To be human is to be random, unfinished, imperfect and disorderly, to be a constant “beta version” (as Cheney-Lippold 2017, p. 90, eloquently puts it). At the same time, most of data analytics and processing are about orderliness, calculations and finding patterns which are supposed to predict future behaviour. A software engineer interviewed actually described code as a grammar with no exceptions (see Svensson 2020). This was the reason why he loved coding, comparing this to struggles with German grammar at high school. But as humans we have plenty of exceptions and at times we act randomly and in a surprising manner. As Morozov (2013, introduction p. xiii) argues, sometimes imperfect is good enough and even much better than perfect. It seems that the orderliness of programming and code languages, are at odds with human imperfectness and randomness. Maybe some things are just un-representable by


computer-readied data in the form of ones and zeros (as also Galloway 2011 argues). Maybe this is why we sometimes feel creeped out by our datafied selves (see Cheney-Lippold 2017, p. 193). We are recognizable but in an odd way. It becomes uncanny in the same way that robots can be creepily similar, but not quite like the real thing (the so-called uncanny valley).10 Behind the perfect surface, there is just mechanical impulses. Digital computers can mimic the actions of human behaviour as already Turing (1950, p. 437) forecasted. But is an imitation the real thing? Arguably what is missing in our datafied replicas/upgrades is irrationality and randomness, patterns and also correlations, but with plenty of exceptions.

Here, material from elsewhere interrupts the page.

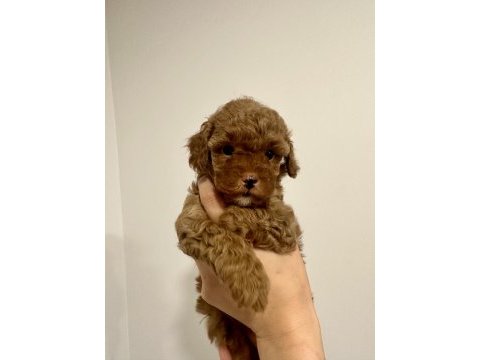 Toy poodle dişi yavru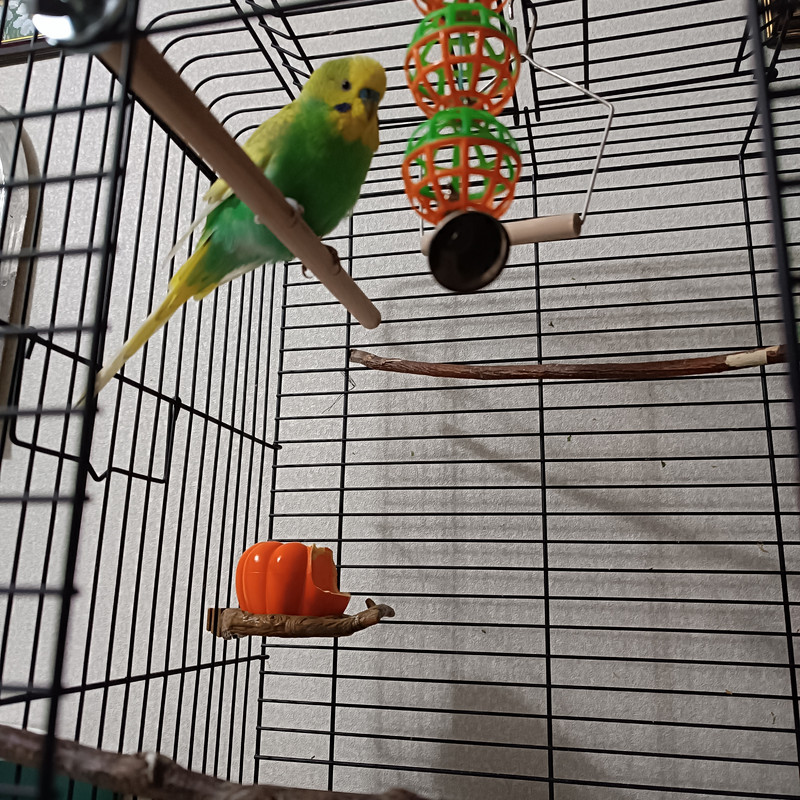 IMG_20250904_212554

The belief that data can capture everything with full resolution, freed from human bias, framing and context does ring a bell. The bringing of the unruly social world into the formal study of the natural sciences, rendering culture and society computable is surrounded by a discourse of positivistic measurement. It thus seems data-essentialism is accompanied with a revival of positivism within the Social Sciences. Indeed, as Kitchin (2014, pp. 139-140) argues, data-driven sciences favour transforming research about humans and their societies to something resembling natural and engineering sciences, offering opportunities for a ‘truthful’ study of human life. Törnberg (2019) labels the use of API-based technologies to inductively seek patterns as predicative positivism. Indeed, datafication implies transforming sociality, behaviour and culture into quantified data to be used for real-time tracking and predictive analysis.

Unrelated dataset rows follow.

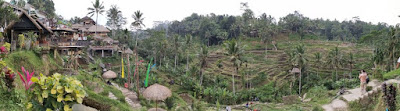 Tegalalan Rice Terraces o Arrozales de Tegalalan. Isla de Bali. Indonesia. Tegalalan Rice Terraces o Arrozales de Tegalalan. Isla de Bali. Indonesia.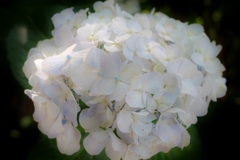 川沿いの紫陽花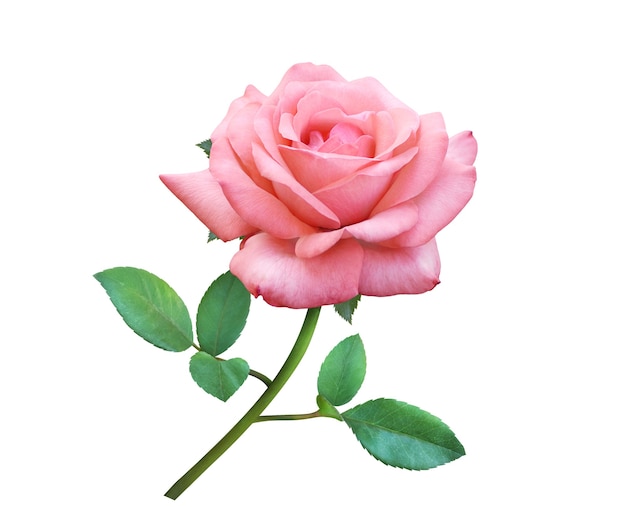 Fleurs de rose rose isolés sur fond blanc pour le mariage d'amour et la Saint-Valentin.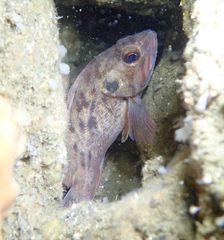 Sebastes auriculatus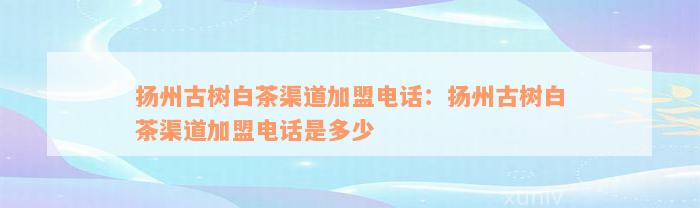 扬州古树白茶渠道加盟电话：扬州古树白茶渠道加盟电话是多少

Following this discourse of positivistic measurement, Anderson (2008) has (in)famously argued that theory has come to an end, and that we now have enough data and fast enough computers to actually study the

physics of culture. He thus seems to suggest that data will be able to speak

for itself. This can of course be questioned (see also Törnberg 2019). Bucher (2018, p. 24) for example claims that without algorithms, data would just flow without any particular direction. Algorithms are actually an outcome of media logics rather than a replacement of them (see Klinger and Svensson 2018 for an outline of this argument). Algorithms are based on hypotheses from the beginning (see Bucher 2018, p. 25). And even if data harvested from social media platforms is supposed to reflect human behaviour, the algorithms employed (by Google, Facebook and others) are intrinsically selective and manipulative to suit the interests of these companies (see van Dijck 2014, p. 200). Hence, it is easy to dismiss statements such as those claiming that data speaking for itself. But it is


important to understand that one of the strongest epistemic conditions shaping data imaginaries today, is the self-evidence of numbers. Data’s connection to numbers and mathematical functions, gives it an allure of neutrality and objectivity, which in turn makes humans look particularly subjective and biased in comparison (see Bucher 2018, p. 56).

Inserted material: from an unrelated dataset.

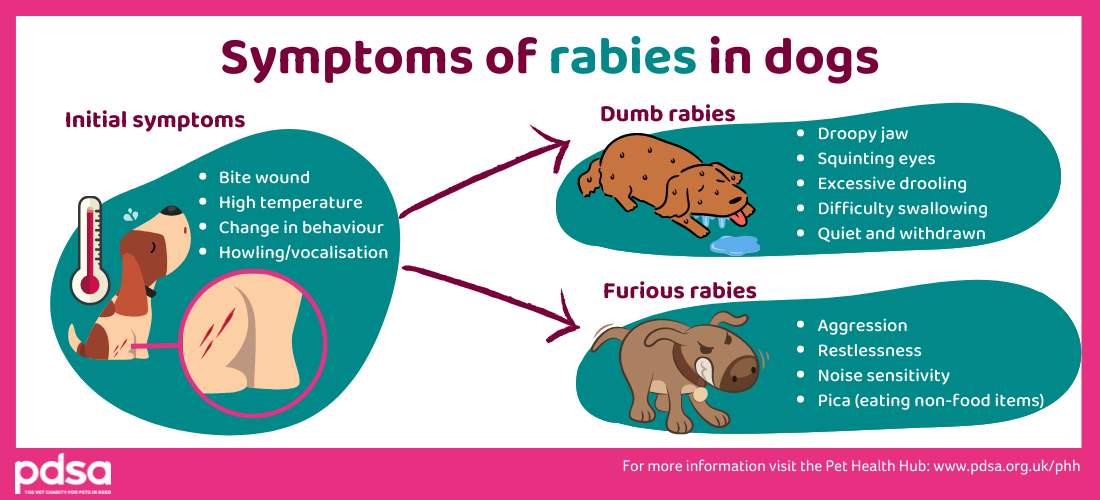 Rabies in dogs - PDSA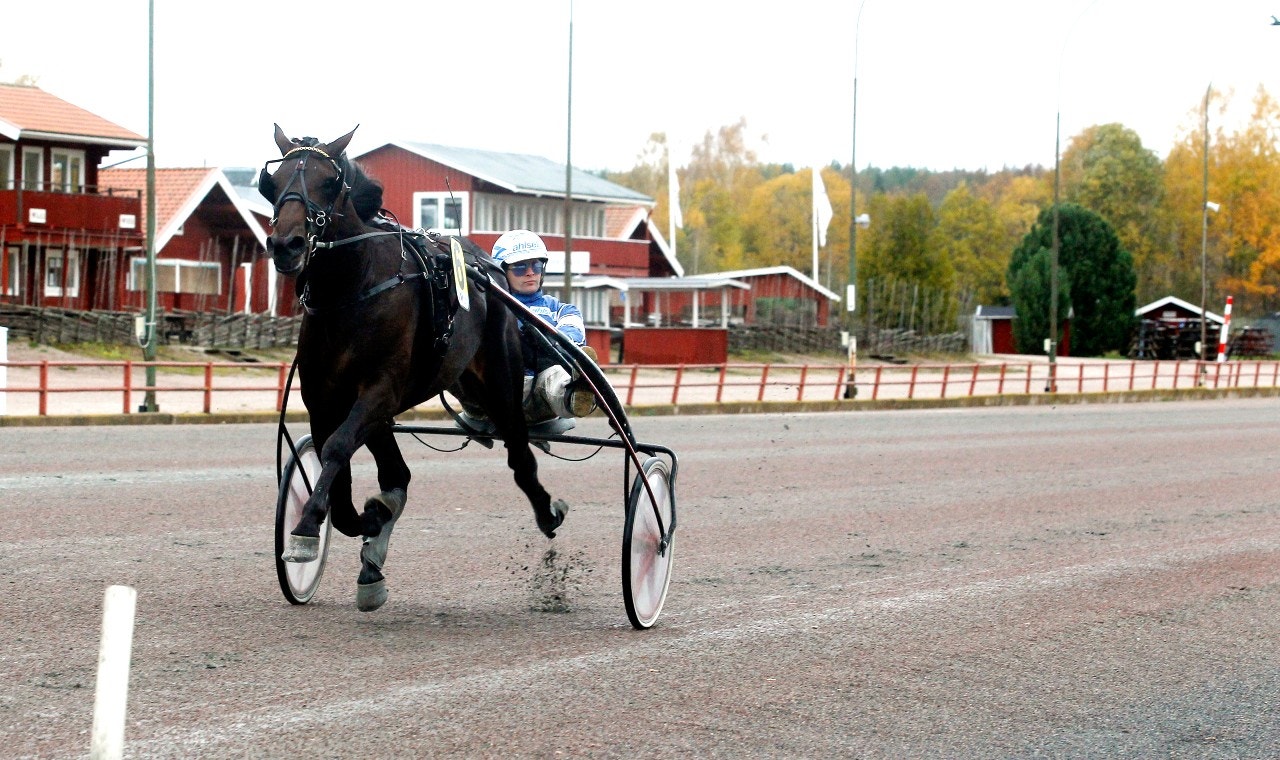 Jägersro/Solvalla 4 november: Game set match med bästa vinnaren!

Kennedy (2016, p. 150) talks about a ‘pervasive desire for numbers’ as an emerging rationality today. She shows in her studies of public sector organizations that mere numbers are met with enthusiasm (even though it was not always clear what they stood for). Kennedy connects this desire to earlier studies about trust in numbers that seem to support the prestige and power of quantitative methods. Numbers can be understood from far away and are universal as they can be shared across cultures (see Kennedy 2016, p. 81). They are impersonal, therefore also appear to be objective and thus credible. This to the point that even friendships and sociality are quantified in a positivistic manner of objective measurement (see Bucher 2018, p. 9). What was once qualitative has been turned into numbers. According to Kennedy (2016, pp. 100-101), this limits the possibility to discuss the ways in which data is made and shaped.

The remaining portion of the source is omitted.